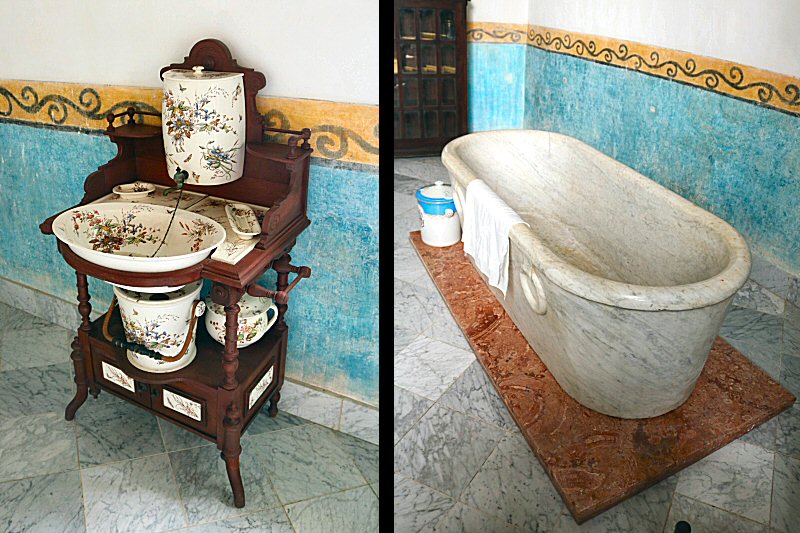 the marble bathtub and the flower textured porcelain washbasin with soap dishes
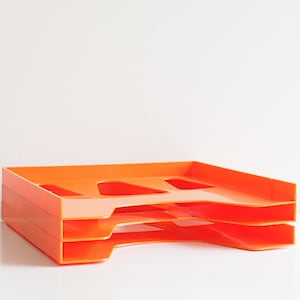 Op de afbeelding: Drie oranje plastic mapbakken gestapeld op elkaar. De bakken hebben een lip aan de voorkant en zijn ontworpen om papier in te bewaren.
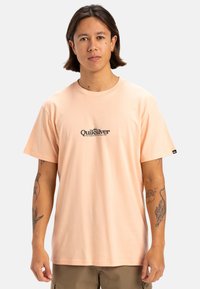 Camiseta corta de manga en color melocotón claro, hecha de algodón. Presenta un estampado de logo negro "Quiksilver" en el pecho. Diseño de cuello redondo.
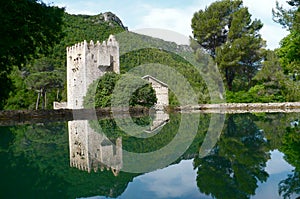 Reflections of a castle in the Mediterranean forest, Spain, EspaÃÂ±a photo
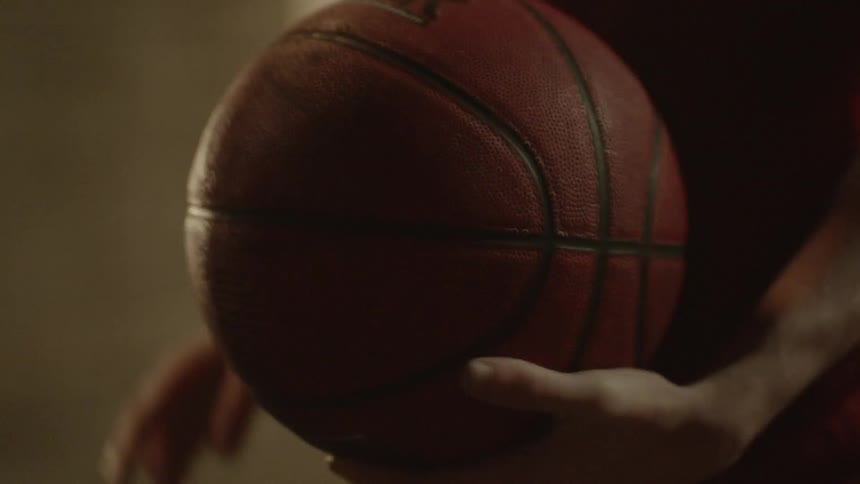 Man holding basketball and then throwing it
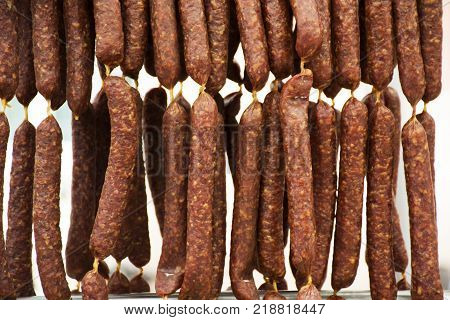 Salami and sausage hanging for sale people at organic food street market at Meran city in Merano Italy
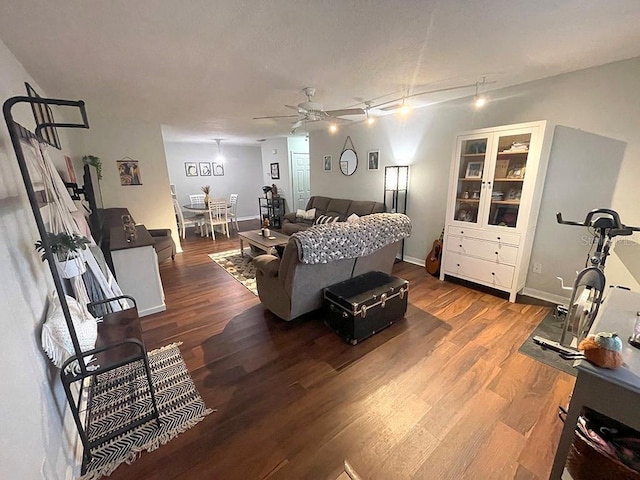 living room with dark wood-type flooring and ceiling fan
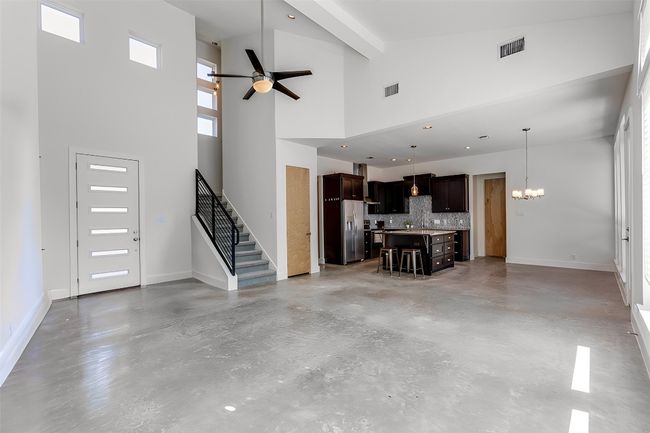 Unfurnished living room with concrete flooring, stairs, baseboards, and ceiling fan with notable chandelier | Image 4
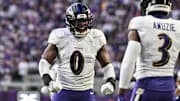 Nov 9, 2025; Minneapolis, Minnesota, USA; Baltimore Ravens linebacker Roquan Smith (0) reacts with cornerback Chidobe Awuzie (3) during the third quarter against the Minnesota Vikings at U.S. Bank Stadium. Mandatory Credit: Jeffrey Becker-Imagn Images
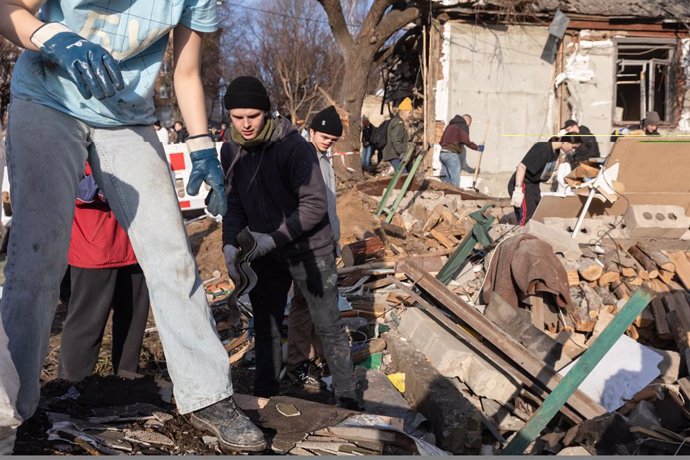 January 3, 2023, Kyiv, Ukraine: Volunteers clear and dismantle debris at the site of a Russian missile attack on December 31. On Saturday, December 31, the Russian Armed Forces massively attacked Ukrainian cities with cruise missiles. As a result of the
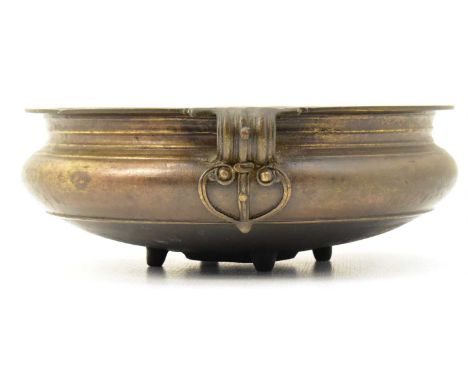A large bronze censer of shallow form, raised on four stub feet, unmarked, height 9.5cm, diameter 25.5cm.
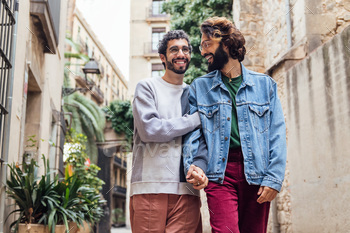 male couple walking embraced and laughing elated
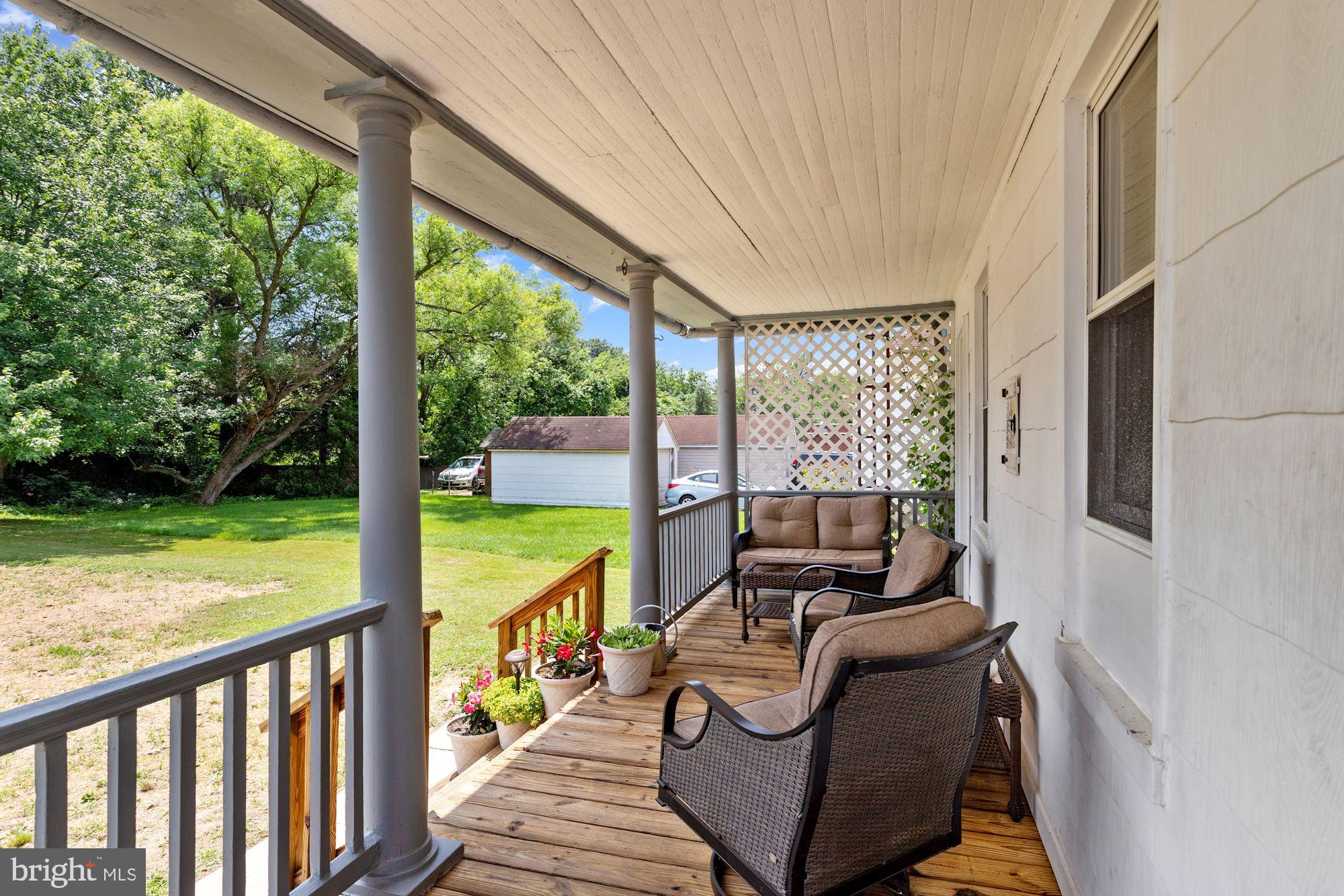 8029 Philadelphia Road Baltimore, MD 21237 - Photo 3 of 29 a view of a two chair in the balcony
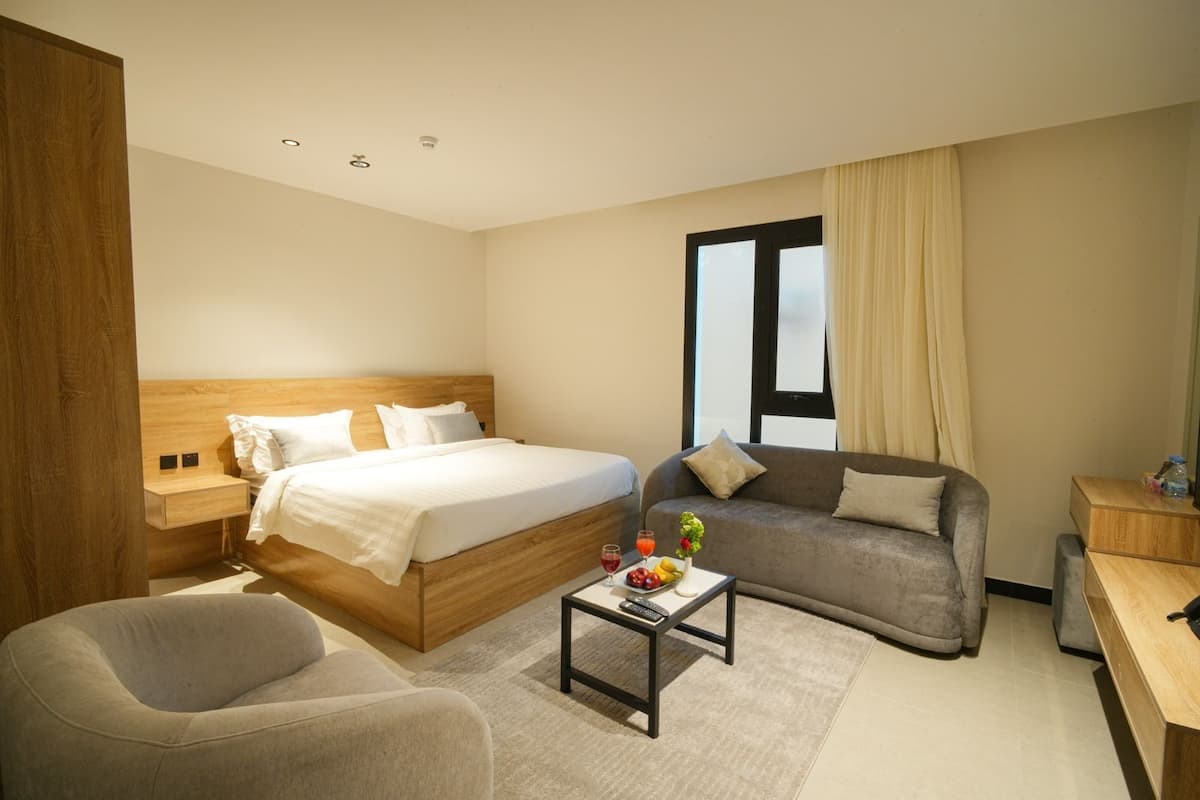 A modern hotel room with a large bed, a sofa, a chair, a small table with fruit and drinks, and a window with curtains.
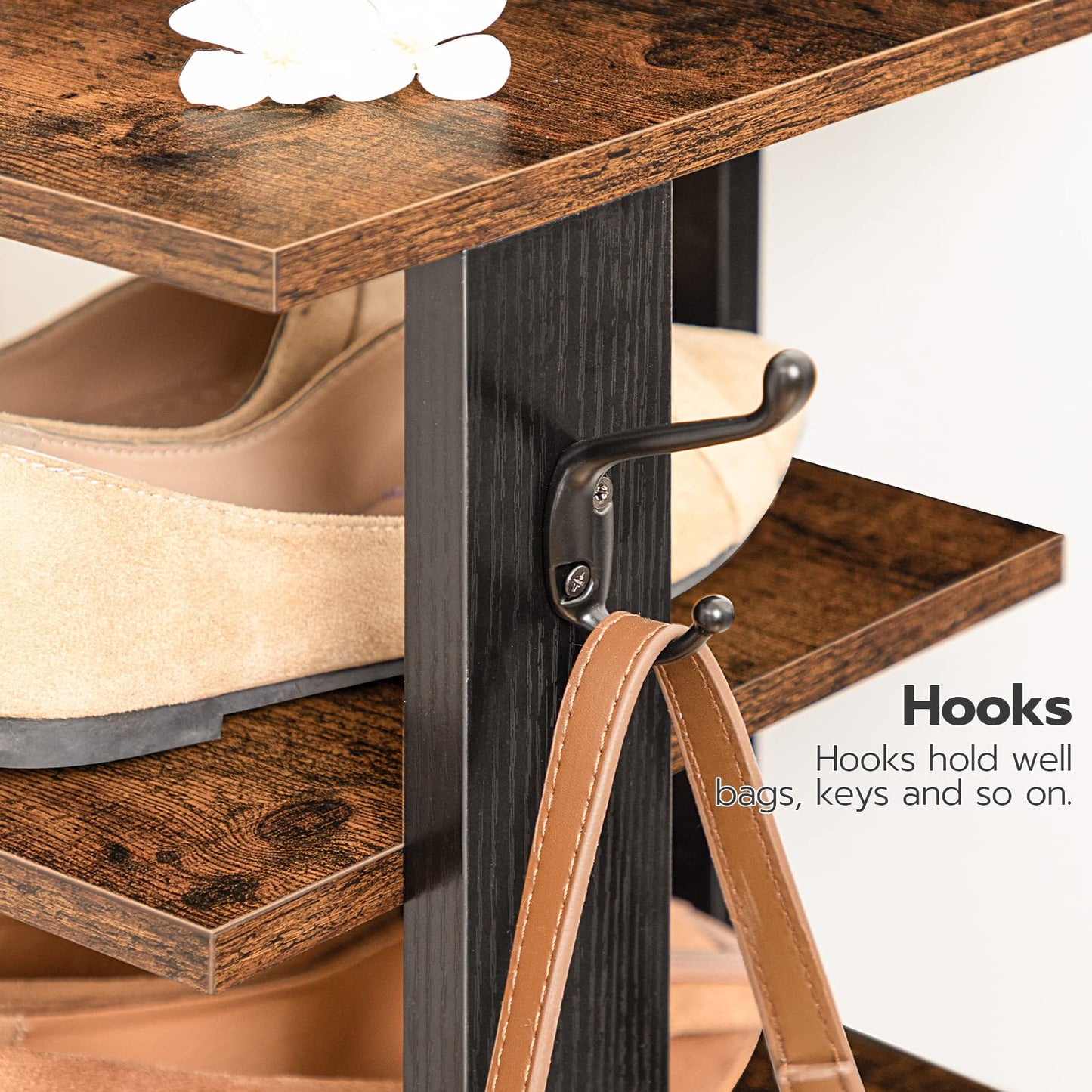 Close-up of durable metal side hanging hooks on the shoe tower holding a leather handbag.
----
**PROBLEM STATEMENT**
Omit the pictures. Write out exactly the lines from the one containing "A large bronze" through the last line of the entries, both of them included.

**RESPONSE**
A large bronze censer of shallow form, raised on four stub feet, unmarked, height 9.5cm, diameter 25.5cm.
 male couple walking embraced and laughing elated
 8029 Philadelphia Road Baltimore, MD 21237 - Photo 3 of 29 a view of a two chair in the balcony
 A modern hotel room with a large bed, a sofa, a chair, a small table with fruit and drinks, and a window with curtains.
 Close-up of durable metal side hanging hooks on the shoe tower holding a leather handbag.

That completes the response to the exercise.